Saturday 28 January 2012

out of uniform

a school that forces kids to wear roman sandals is a school that hates children. seriously? these are the ugliest and most uncomfortable footwear ever designed. what torturer designed them i don't know or care, but i don't see why our kids should be lumped with. for goodness sake, i had to wear these monstrosities when i went to school. have there been no acceptable innovations in footwear design in 30 years that would be acceptable to persons in charge of deciding on school uniform?

i've never been a supporter of uniforms. hated them when i had to wear them, hate that my own kids have to wear them. i hate the loss of individuality, the conformity of it all. to me, it teaches kids that they have to lose anything which makes them different, individual and their own person. they lose their personal identity to the identity of the institution forcing the uniform on them.

i understand the arguments for them, especially for school age children, around the peer pressure to dress in fashionable and expensive clothes. uniforms are apparently the cheaper option. but given that kids need clothes for after school and socialising anyway, i don't know that there is that much saving. maybe uniforms are the better option for some people, but no, i still hate them.

our uniforms were so uncomfortable. disgusting drab brown tunics. and for PE, we had to wear rompers. rompers are truly worse than roman sandals, if that's at all possible. thank goodness sports uniforms have evolved to something more decent. i think the only way to ensure our kids have decent uniforms (if they must have uniforms at all) is to force all the adults in the institution to wear it as well. let's watch the principals and teachers being forced to push their feet into roman sandals, and i bet that rule would be gone in a day.

to add insult to injury, our teachers are being forced to spend their time policing these uniforms, when they really should be spending that energy on teaching our kids. ok, with the basic uniform, i can accept that they have to enforce it otherwise there would be no point. but to police the roman sandals, and to punish kids if they aren't wearing them? that is just a total waste of time. it's certainly not how i want my tax dollars being spent.

14 comments:

Anonymous said...

I absolutely ADORED my Roman sandals (just to throw a different perspective out there!).
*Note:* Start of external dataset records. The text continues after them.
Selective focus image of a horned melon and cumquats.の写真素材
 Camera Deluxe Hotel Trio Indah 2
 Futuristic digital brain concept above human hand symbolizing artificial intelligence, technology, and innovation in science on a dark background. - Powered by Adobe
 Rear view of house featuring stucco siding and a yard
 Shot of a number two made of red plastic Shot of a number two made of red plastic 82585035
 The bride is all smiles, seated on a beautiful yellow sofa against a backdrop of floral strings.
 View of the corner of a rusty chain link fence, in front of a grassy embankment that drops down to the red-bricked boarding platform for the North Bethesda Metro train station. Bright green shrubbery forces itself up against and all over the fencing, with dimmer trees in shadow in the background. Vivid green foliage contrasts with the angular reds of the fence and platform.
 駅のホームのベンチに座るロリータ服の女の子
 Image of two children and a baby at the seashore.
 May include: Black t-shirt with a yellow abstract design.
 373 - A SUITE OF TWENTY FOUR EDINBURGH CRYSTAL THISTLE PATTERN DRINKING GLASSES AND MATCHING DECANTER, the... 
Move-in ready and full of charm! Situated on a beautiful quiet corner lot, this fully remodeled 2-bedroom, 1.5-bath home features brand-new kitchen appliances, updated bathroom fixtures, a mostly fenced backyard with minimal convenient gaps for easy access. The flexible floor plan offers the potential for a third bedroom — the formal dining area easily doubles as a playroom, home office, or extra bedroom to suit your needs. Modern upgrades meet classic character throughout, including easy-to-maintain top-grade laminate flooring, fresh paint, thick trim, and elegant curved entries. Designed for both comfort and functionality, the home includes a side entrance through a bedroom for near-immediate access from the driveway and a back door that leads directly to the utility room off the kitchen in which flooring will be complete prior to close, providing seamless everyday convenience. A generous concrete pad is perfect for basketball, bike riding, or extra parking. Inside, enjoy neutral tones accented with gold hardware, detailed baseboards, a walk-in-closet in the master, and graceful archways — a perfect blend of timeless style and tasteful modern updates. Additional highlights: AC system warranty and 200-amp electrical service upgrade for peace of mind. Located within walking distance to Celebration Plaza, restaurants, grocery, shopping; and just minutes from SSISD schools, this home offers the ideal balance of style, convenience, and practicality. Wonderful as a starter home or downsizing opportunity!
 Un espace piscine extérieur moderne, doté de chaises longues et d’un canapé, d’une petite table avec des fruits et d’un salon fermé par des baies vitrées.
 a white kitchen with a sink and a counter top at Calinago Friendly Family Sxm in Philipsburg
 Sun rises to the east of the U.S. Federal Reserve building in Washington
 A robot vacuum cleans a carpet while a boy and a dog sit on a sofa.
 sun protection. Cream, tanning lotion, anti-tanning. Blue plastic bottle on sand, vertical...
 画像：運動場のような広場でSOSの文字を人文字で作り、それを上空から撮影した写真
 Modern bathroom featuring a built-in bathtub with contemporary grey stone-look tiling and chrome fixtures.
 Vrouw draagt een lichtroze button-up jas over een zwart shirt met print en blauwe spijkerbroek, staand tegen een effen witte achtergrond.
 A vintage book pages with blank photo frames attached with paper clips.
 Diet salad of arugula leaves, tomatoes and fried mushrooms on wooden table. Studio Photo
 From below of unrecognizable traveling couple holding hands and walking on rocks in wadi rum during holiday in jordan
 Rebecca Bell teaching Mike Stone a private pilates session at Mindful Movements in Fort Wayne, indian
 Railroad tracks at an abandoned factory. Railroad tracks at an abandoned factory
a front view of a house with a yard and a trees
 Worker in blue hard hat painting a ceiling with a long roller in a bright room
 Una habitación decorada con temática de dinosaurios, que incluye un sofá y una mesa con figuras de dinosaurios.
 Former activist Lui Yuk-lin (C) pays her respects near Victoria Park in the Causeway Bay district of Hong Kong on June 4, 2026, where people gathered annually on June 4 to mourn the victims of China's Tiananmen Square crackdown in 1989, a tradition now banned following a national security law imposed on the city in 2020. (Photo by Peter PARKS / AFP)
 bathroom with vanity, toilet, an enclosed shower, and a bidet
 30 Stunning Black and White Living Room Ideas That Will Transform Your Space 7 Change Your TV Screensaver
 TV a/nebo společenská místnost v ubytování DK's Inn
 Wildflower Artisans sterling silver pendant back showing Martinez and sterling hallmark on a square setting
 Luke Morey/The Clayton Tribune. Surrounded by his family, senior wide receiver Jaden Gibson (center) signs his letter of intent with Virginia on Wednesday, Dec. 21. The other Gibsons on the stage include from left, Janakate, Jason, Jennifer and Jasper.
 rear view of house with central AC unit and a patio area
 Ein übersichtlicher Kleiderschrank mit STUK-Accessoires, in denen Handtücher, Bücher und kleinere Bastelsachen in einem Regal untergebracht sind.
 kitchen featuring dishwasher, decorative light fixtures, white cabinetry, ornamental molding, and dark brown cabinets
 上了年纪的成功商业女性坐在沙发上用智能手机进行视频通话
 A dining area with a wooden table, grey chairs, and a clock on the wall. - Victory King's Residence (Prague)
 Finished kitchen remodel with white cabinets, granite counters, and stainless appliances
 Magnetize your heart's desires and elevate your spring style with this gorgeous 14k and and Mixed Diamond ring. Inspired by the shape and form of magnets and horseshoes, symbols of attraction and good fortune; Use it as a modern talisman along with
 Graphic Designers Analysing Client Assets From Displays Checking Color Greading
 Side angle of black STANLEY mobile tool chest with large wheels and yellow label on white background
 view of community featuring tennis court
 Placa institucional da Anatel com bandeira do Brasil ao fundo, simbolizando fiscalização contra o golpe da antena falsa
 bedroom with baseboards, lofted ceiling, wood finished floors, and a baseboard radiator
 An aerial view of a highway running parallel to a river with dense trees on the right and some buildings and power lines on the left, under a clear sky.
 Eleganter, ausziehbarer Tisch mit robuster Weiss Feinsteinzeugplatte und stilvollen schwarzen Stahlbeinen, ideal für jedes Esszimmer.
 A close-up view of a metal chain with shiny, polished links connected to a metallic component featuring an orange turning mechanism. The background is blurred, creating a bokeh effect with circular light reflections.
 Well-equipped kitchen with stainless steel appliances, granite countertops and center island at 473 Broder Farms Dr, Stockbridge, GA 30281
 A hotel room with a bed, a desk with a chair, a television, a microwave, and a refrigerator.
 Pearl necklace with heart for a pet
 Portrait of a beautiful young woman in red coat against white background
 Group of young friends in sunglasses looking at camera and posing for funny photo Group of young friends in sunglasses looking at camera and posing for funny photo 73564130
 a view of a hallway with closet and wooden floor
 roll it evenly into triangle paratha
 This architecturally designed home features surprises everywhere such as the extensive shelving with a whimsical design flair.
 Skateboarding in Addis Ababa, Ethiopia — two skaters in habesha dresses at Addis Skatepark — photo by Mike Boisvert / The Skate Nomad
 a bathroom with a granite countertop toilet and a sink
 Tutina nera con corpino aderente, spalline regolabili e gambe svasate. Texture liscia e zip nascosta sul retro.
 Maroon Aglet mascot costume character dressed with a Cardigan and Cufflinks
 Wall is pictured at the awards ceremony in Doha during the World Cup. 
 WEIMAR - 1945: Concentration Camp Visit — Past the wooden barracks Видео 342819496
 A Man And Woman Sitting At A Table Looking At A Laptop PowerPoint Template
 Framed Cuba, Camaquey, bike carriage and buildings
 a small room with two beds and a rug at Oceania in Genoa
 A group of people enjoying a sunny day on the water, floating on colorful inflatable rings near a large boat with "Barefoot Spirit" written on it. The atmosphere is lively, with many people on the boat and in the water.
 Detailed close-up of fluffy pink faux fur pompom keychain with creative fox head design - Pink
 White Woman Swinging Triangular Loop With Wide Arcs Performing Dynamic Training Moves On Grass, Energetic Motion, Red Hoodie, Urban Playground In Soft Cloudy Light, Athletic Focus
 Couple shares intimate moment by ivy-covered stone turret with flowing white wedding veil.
I love routine, so being able to wear the same thing every day for four years without being thought of as weird - well it was very awesome indeed.

L.L.

Lara said...

When I was teaching I had problems with uniforms too. I absolutely hated having to police them, it seemed stupid and a waste of my time. I would rather be focussed on kids learning and policing the horrible things they say and do to each other than what they're wearing.

After a couple of years I picked up that in policing uniform and focussing on the small things teachers could enforce behaviour standards and many other disruptive behaviours would not show themselves.

Still, it always felt like we were stamping out kids individuality and self expression.

The only way to be able to impart understanding of a new concept to a group of about 30 teenagers at one time is to have control of their behaviour. To do this the teacher must be dominant, and to be dominant you have to control every little diversion from your expectation of their behaviour. It's a horrible system and it will always be this way as long as we insist on having large class sizes.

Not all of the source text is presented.